• EXERCISE DETAILS: Among the records below, find the line with "You can search" and the line with "Take your time". Set down both and every line between, exactly and with no pictures, but nothing else.
++++ EXCERPTED RECORDS ++++
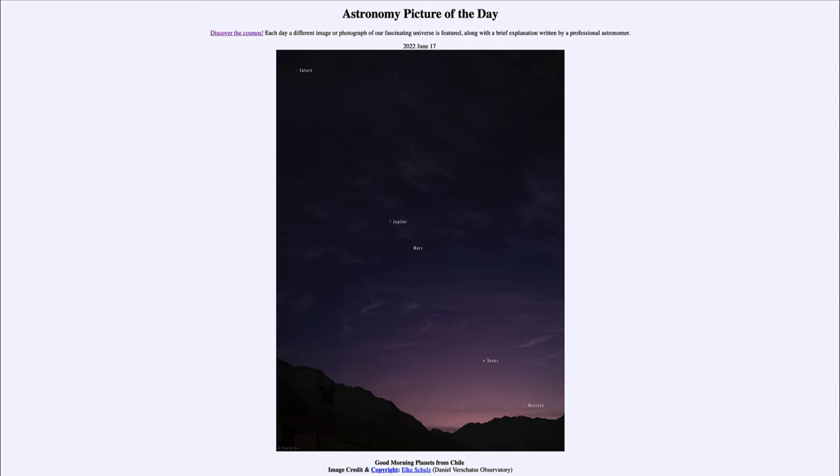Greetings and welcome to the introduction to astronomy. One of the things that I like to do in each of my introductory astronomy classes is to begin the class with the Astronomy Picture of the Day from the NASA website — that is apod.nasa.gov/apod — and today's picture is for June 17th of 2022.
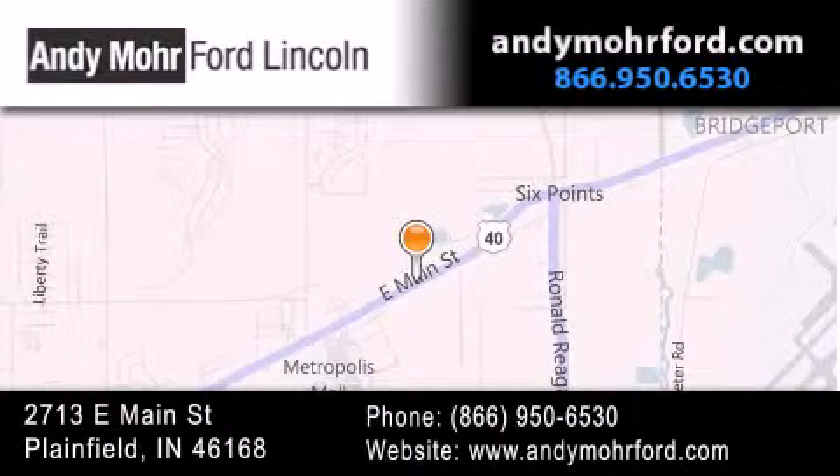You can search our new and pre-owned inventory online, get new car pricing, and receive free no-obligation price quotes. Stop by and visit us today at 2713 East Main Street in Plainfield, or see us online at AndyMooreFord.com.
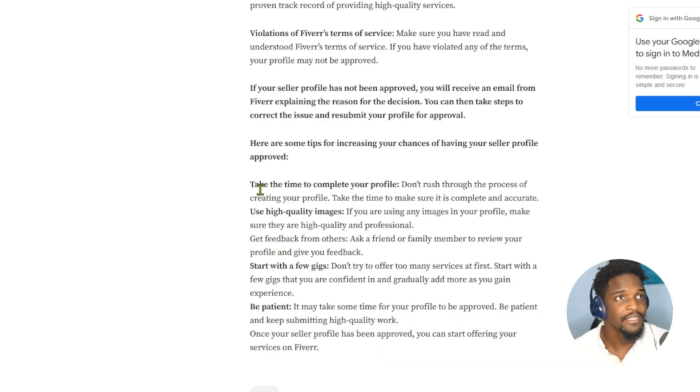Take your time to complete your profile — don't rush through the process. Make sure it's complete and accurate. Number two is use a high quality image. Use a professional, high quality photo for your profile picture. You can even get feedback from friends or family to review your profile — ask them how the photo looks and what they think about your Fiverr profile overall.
++++
++++ EXCERPTED RECORDS ++++
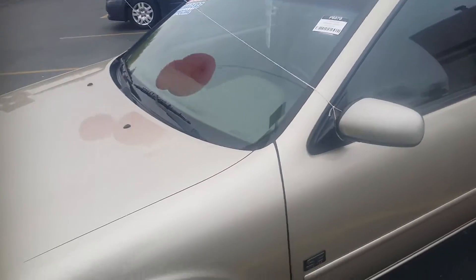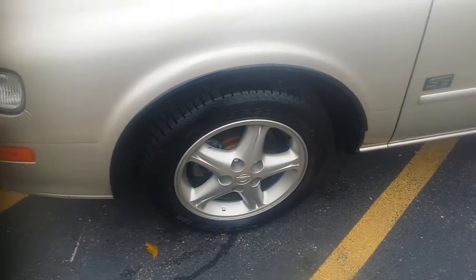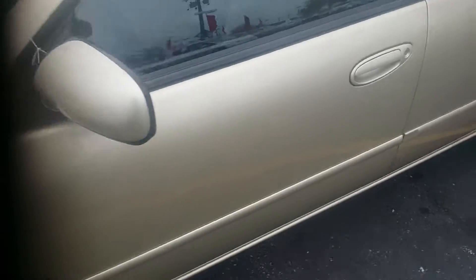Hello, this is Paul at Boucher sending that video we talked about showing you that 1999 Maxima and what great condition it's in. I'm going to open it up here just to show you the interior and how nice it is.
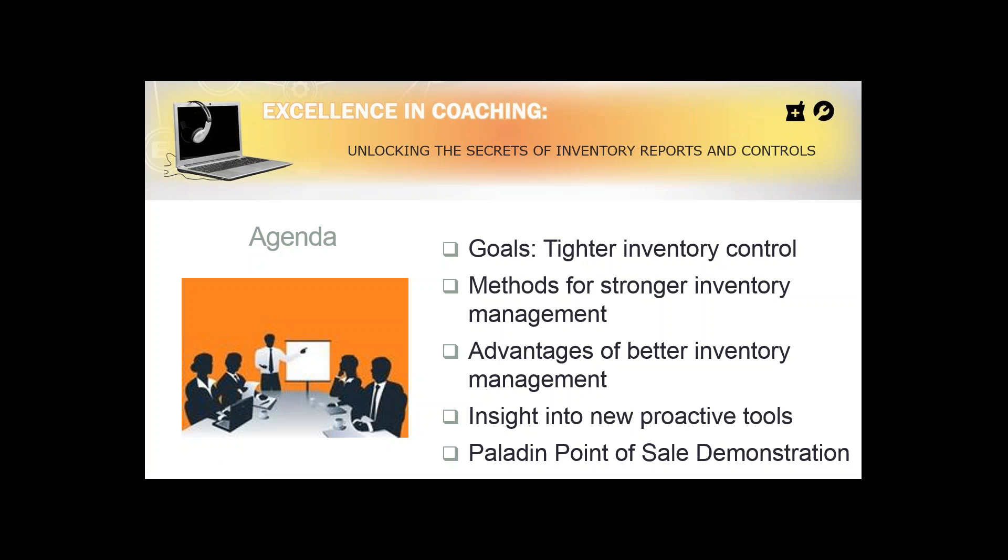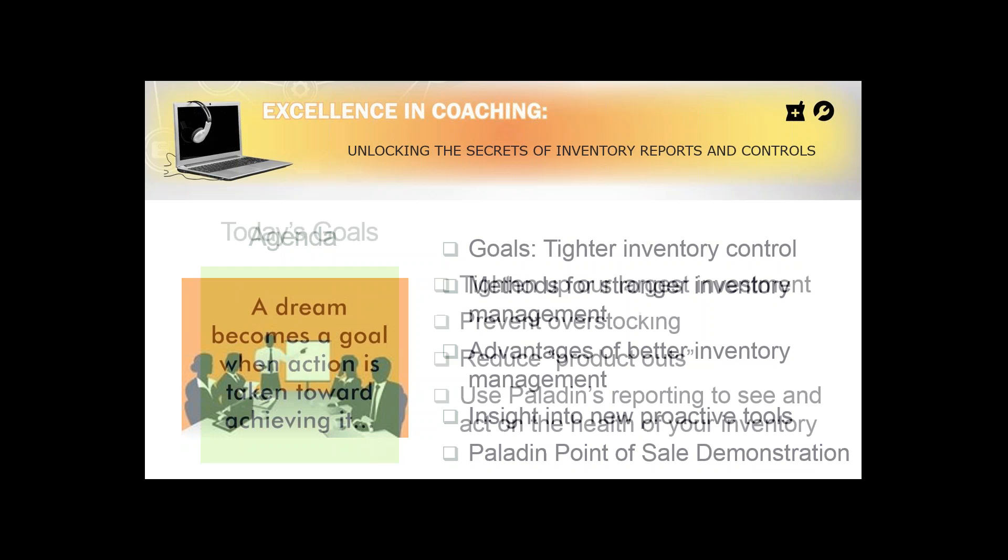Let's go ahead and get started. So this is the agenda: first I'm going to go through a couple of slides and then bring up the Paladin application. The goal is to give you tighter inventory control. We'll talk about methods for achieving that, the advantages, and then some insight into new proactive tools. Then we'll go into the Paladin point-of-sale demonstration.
++++
++++ EXCERPTED RECORDS ++++
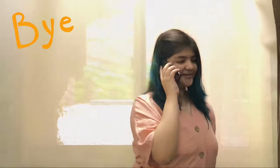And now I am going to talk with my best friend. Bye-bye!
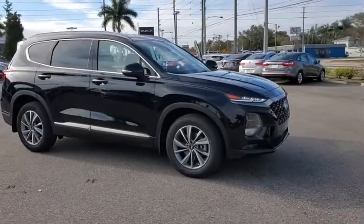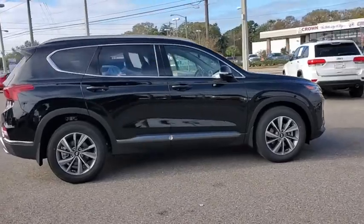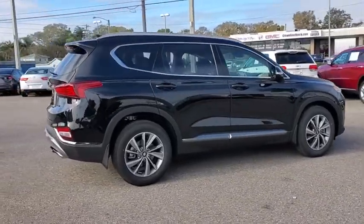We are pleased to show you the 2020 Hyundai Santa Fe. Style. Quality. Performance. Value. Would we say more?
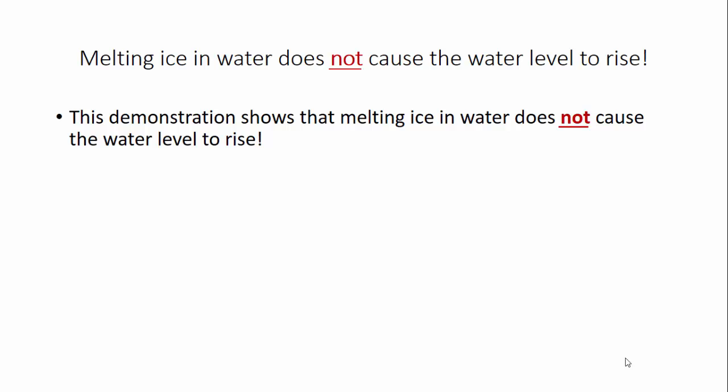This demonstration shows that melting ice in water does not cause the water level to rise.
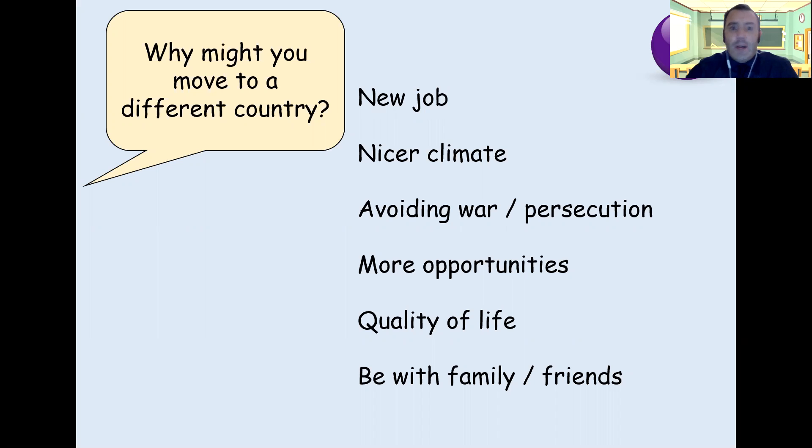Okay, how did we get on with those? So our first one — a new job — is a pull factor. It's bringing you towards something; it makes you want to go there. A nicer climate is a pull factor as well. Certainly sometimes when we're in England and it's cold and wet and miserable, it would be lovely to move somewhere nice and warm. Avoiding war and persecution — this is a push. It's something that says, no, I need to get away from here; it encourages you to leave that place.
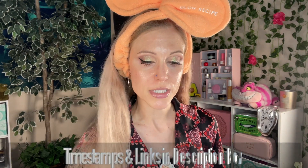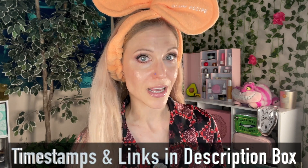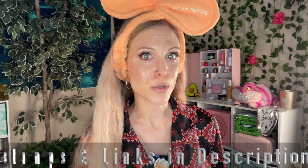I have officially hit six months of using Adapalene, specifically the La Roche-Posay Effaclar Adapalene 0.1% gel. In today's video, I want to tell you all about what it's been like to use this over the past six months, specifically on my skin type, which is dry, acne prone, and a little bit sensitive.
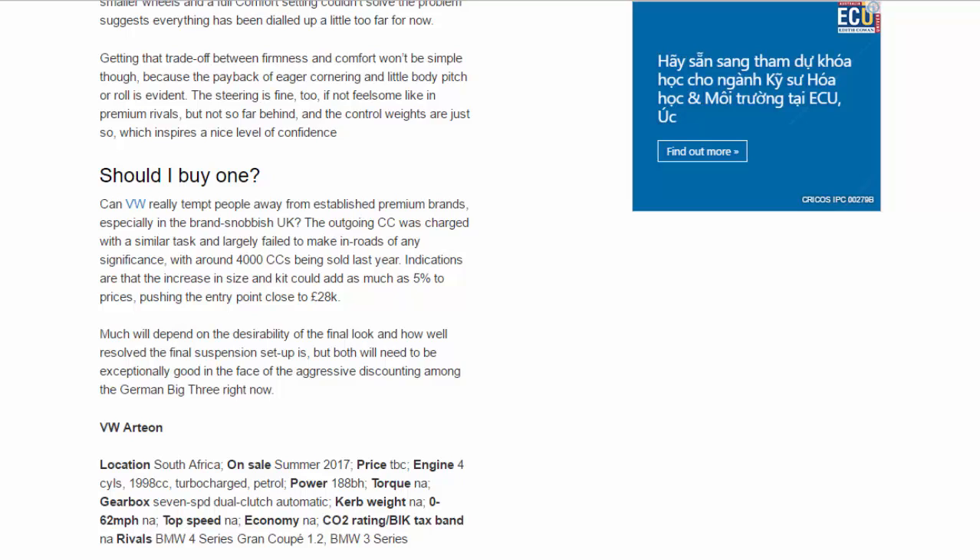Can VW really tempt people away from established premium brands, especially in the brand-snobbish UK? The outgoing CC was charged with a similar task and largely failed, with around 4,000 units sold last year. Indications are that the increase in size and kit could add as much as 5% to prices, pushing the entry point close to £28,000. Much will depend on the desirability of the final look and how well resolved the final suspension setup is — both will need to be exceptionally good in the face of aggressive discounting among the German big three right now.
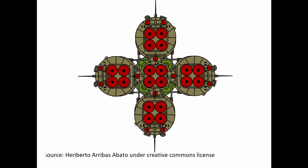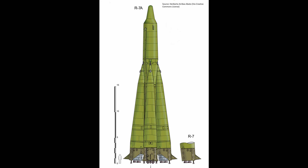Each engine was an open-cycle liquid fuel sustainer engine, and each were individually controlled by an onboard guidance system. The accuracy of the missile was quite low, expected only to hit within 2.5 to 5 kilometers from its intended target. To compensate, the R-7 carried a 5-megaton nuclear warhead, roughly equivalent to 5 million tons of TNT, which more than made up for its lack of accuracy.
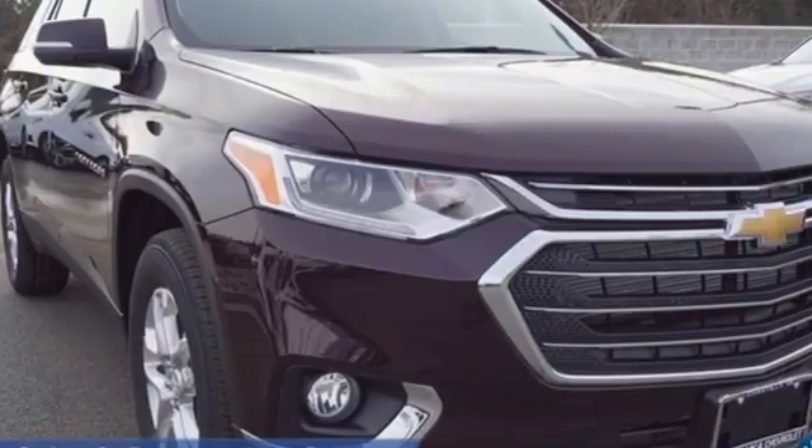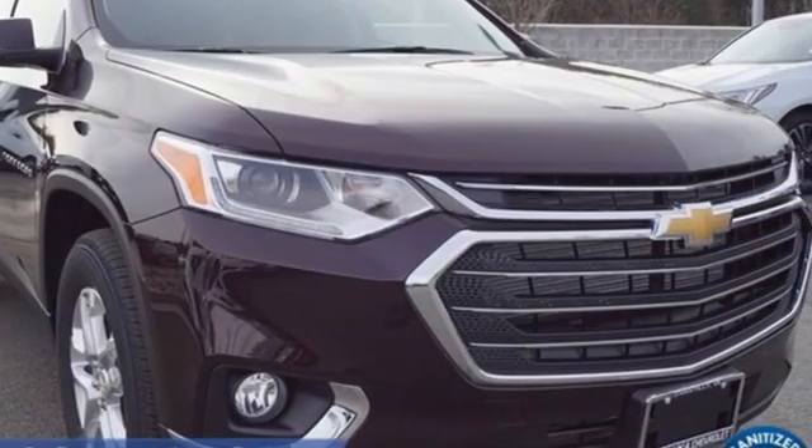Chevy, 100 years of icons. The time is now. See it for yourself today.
++++
• ANSWER FOR THIS EXERCISE:
You can search our new and pre-owned inventory online, get new car pricing, and receive free no-obligation price quotes. Stop by and visit us today at 2713 East Main Street in Plainfield, or see us online at AndyMooreFord.com.
Take your time to complete your profile — don't rush through the process. Make sure it's complete and accurate. Number two is use a high quality image. Use a professional, high quality photo for your profile picture. You can even get feedback from friends or family to review your profile — ask them how the photo looks and what they think about your Fiverr profile overall.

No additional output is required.